How Textbooks Become “Islamicized”

By A. E. Rowley

Since its creation in 1990, The Council on Islamic Education (CIE) has worked education officials and middle and high school textbook publishers to ensure that textbooks’ coverage of world history and world religions is “complete and balanced” according to their standard. The CIE headquarters are at 9300 Gardenia Ave., B-3, PO Box 20186, Fountain Valley, California, 92708 and is directed by Munir Shaikh, Executive Director. Phone (714) 839-2929. Their website can be located at http://www.cie.org.

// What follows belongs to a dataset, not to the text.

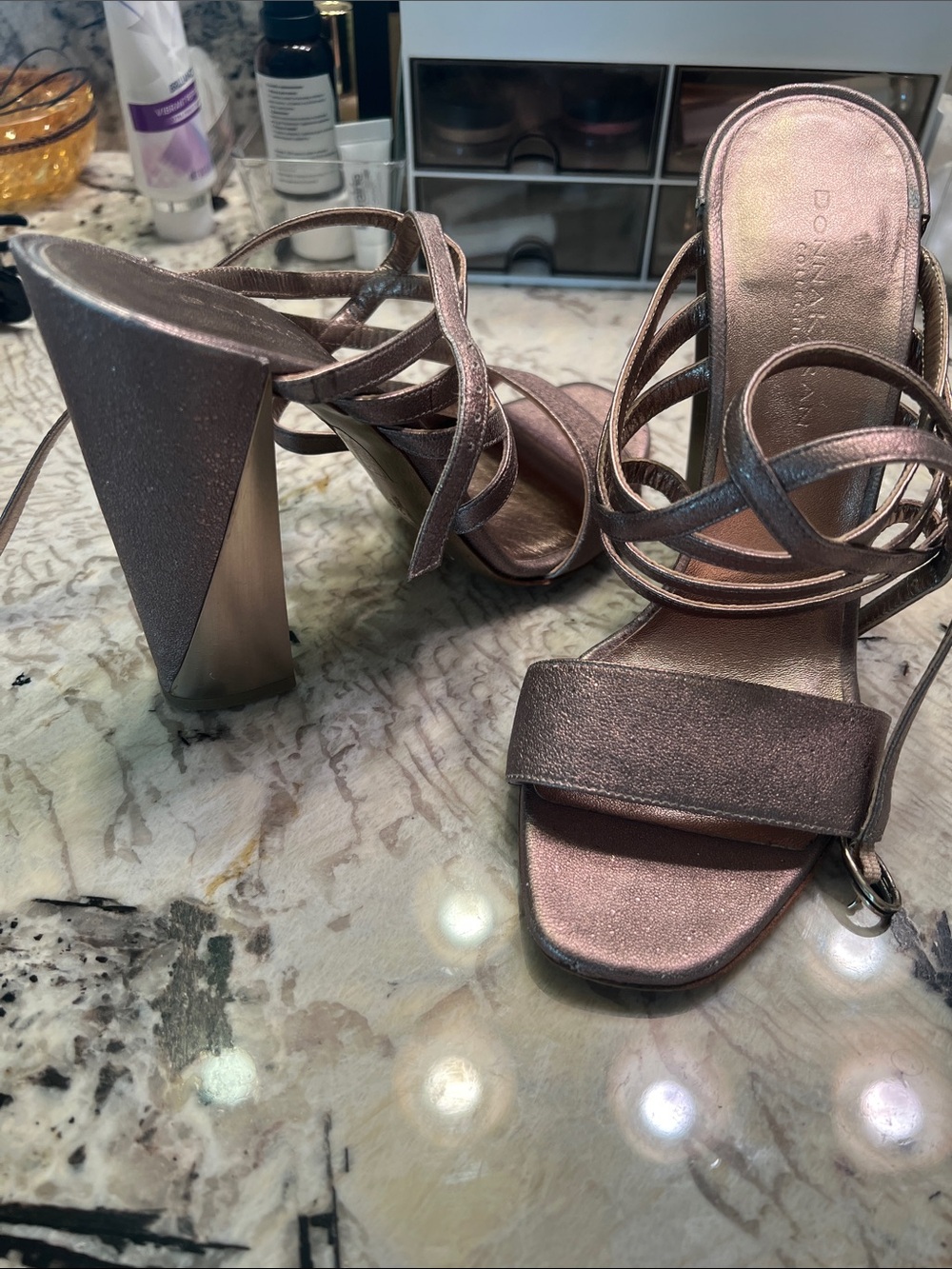 Donna Karan Metallic Rose Gold Strappy Block Heel Sandals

The Council presents itself as a mainstream Muslim organization connected with the education establishment as Islam’s liaison with U.S. public schools and textbook publishers. This role it seems to have assumed for itself. It is not a recognized tax-exempt organization and appears to be funded by Islamic donors and possibly foreign support. It is in fact a political advocacy organization.

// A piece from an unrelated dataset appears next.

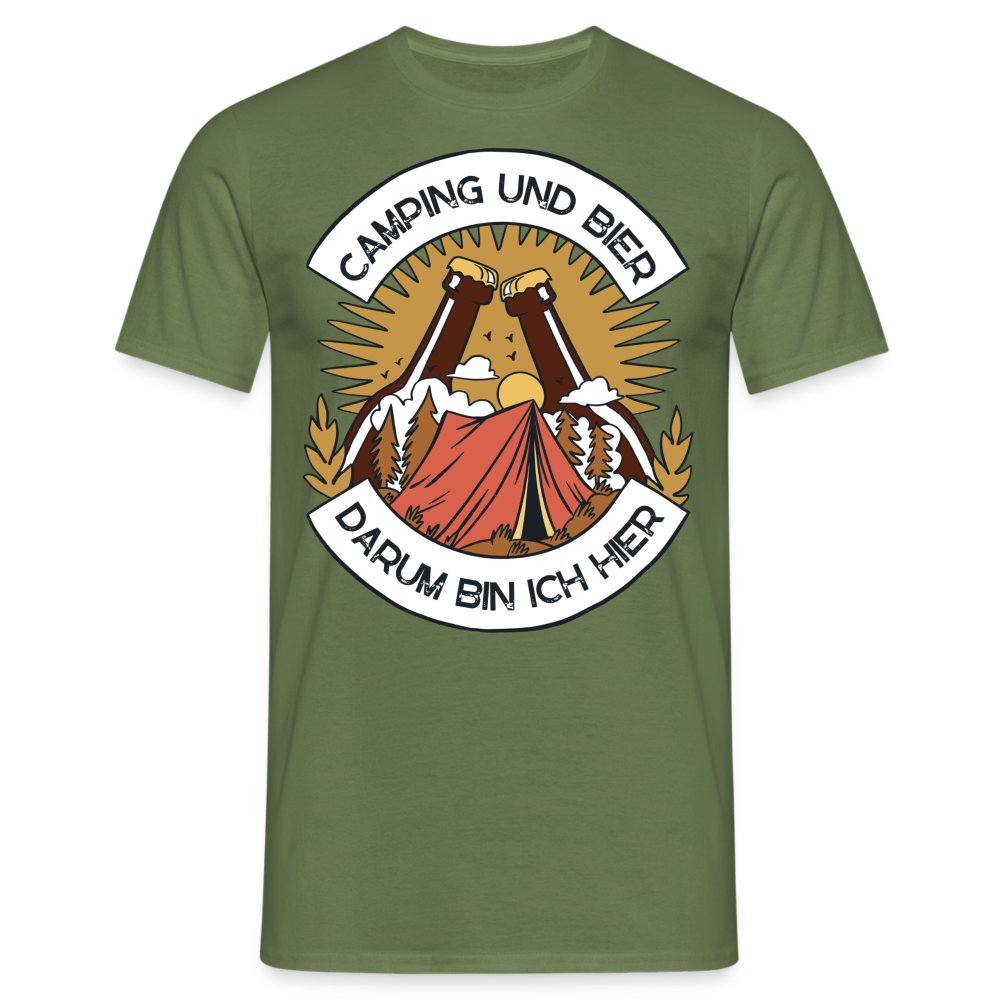 Männer T-Shirt "Camping und Bier" - Militärgrün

Its’ founder/director, Shabbir Mansun, boasts that he is waging a “bloodless revolution” promoting cultures and faiths in America’s Classrooms. One might guess, whose culture and faith? The CIE has warned scholars and public officials who do not sympathize with its requests that they will be perceived as racists, reactionaries and enemies of Islam.

The Council acts as a content gatekeeper with virtually unchecked power over publishers, working to ensure they meet the Council’s standard of sensitivity. It basically acts as an agent of censorship, demanding interaction with publishers and warning it may “decline requests for reviewing published materials unless substantial revisions are planned.” For more than a decade history textbook editors have done the Council’s bidding with the result that history textbooks accommodate Islam on terms that Islamists demand, a view of the nations and world according to a history they want to rewrite. According to one Prentice Hall editor who objected to the CIE’s policies on Islam-related content, opposition is silenced and Islam is given a free pass. Publishers fear that labels of xenophobia, racism, nativism, or ethnocentricity may be affixed to their products, thereby affecting adoptions and sales. The end result is that American children are being given a misshapen view of past history and present situations in Muslim countries.